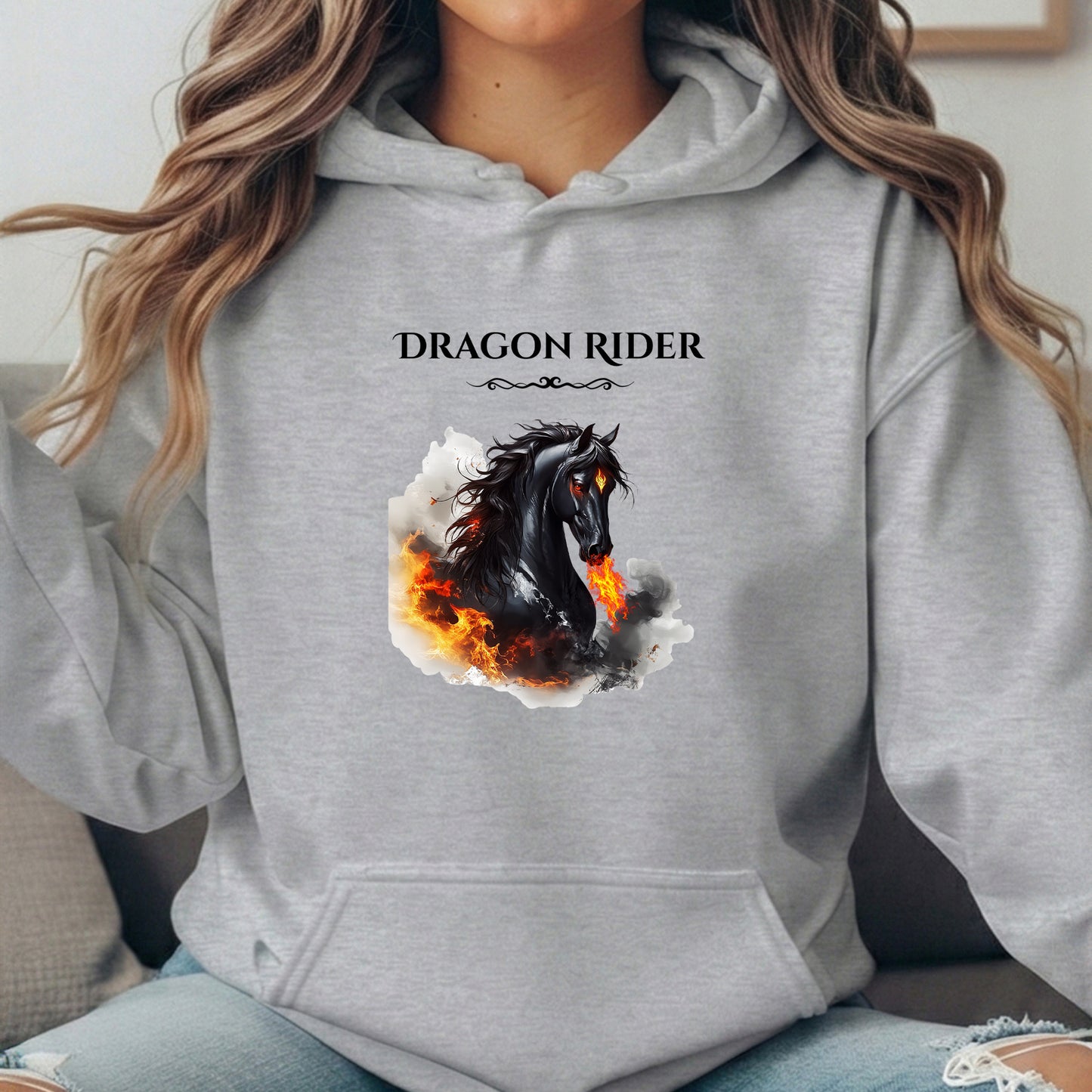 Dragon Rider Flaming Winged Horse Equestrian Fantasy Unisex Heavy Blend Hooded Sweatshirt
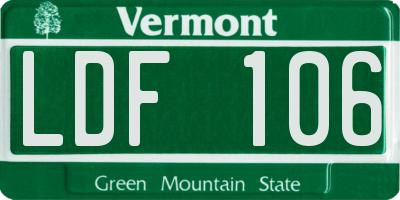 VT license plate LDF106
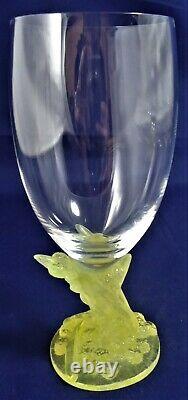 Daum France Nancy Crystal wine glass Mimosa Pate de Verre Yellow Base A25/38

■ **What you need to do**
Nothing but the pictures should be left out when the material above is copied.

■ **Reply to the task**
 Dragon Rider Flaming Winged Horse Equestrian Fantasy Unisex Heavy Blend Hooded Sweatshirt
 VT license plate LDF106
 Daum France Nancy Crystal wine glass Mimosa Pate de Verre Yellow Base A25/38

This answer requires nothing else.